## [WORK ITEM]
An exact copy is needed of the lines from the one that contains "Pixiv ❤️ Siseki" through the final line of the data below, with pictures left out.

## [STORED DATA]
□ □ □
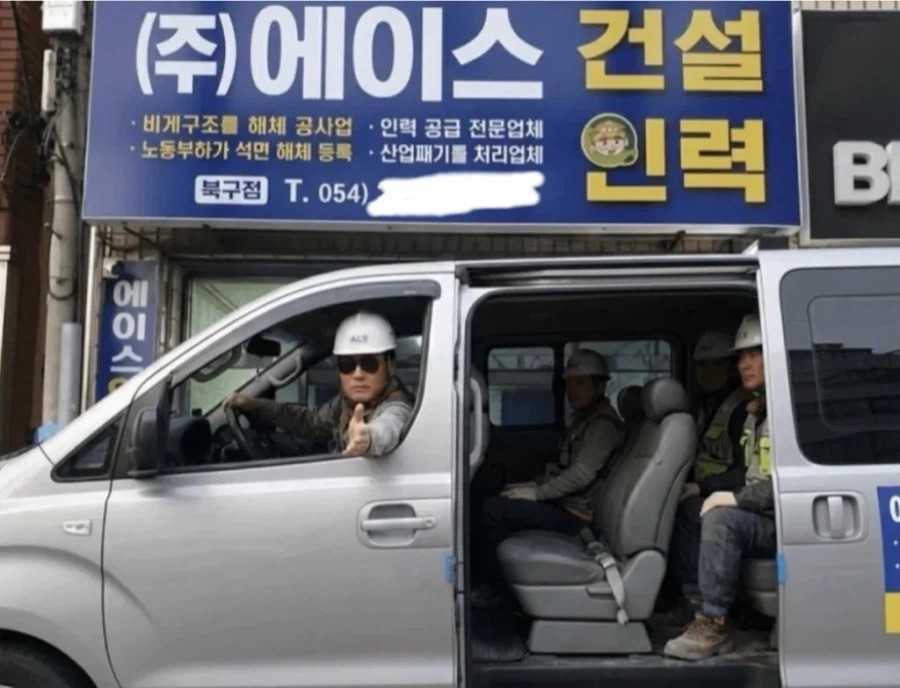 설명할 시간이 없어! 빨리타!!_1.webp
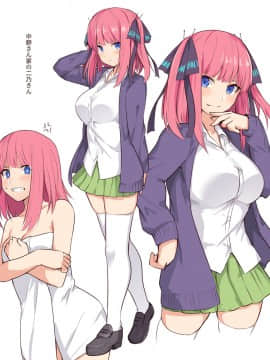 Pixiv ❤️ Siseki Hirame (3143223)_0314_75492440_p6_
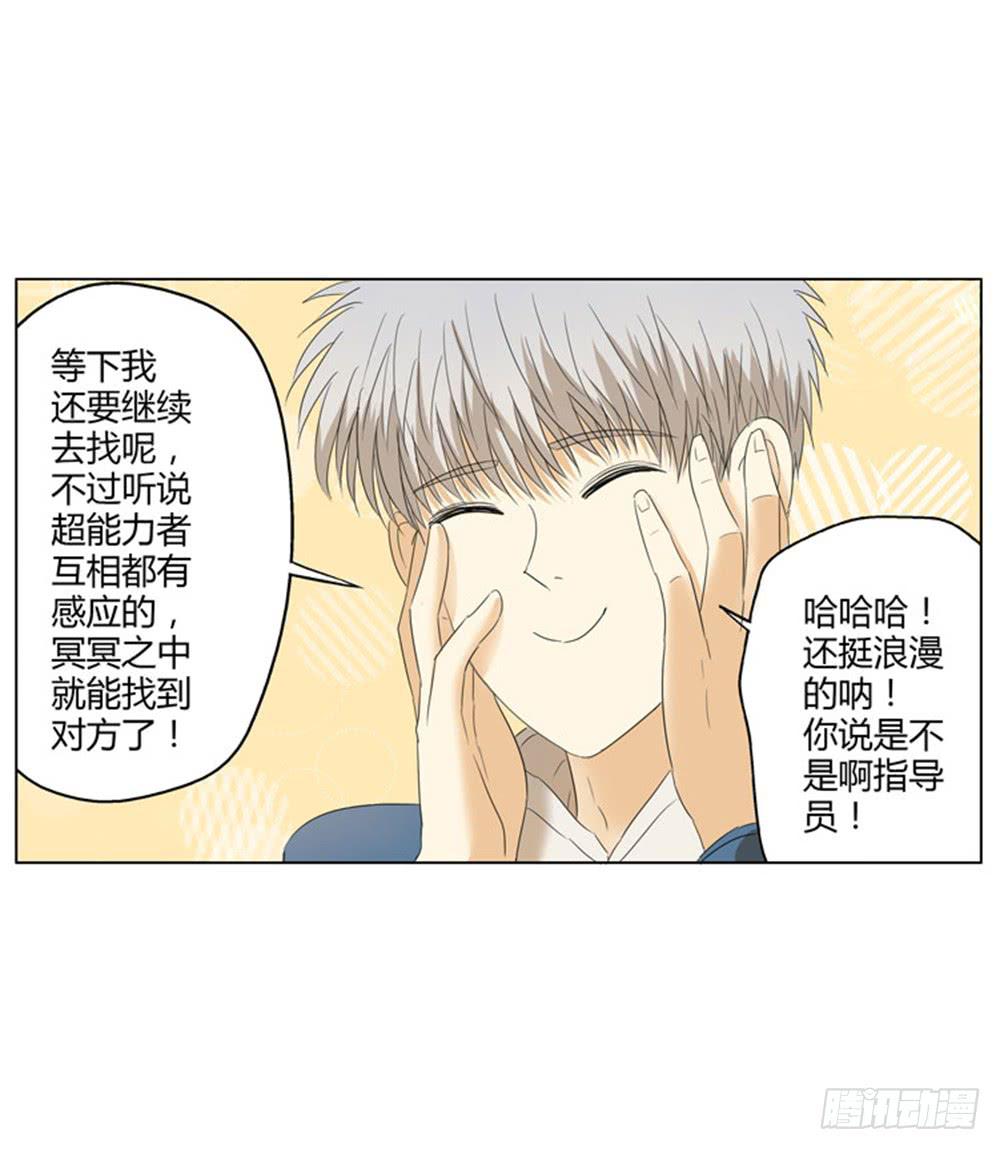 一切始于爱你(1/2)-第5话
□ □ □
## [TASK SOLUTION]
 Pixiv ❤️ Siseki Hirame (3143223)_0314_75492440_p6_
 一切始于爱你(1/2)-第5话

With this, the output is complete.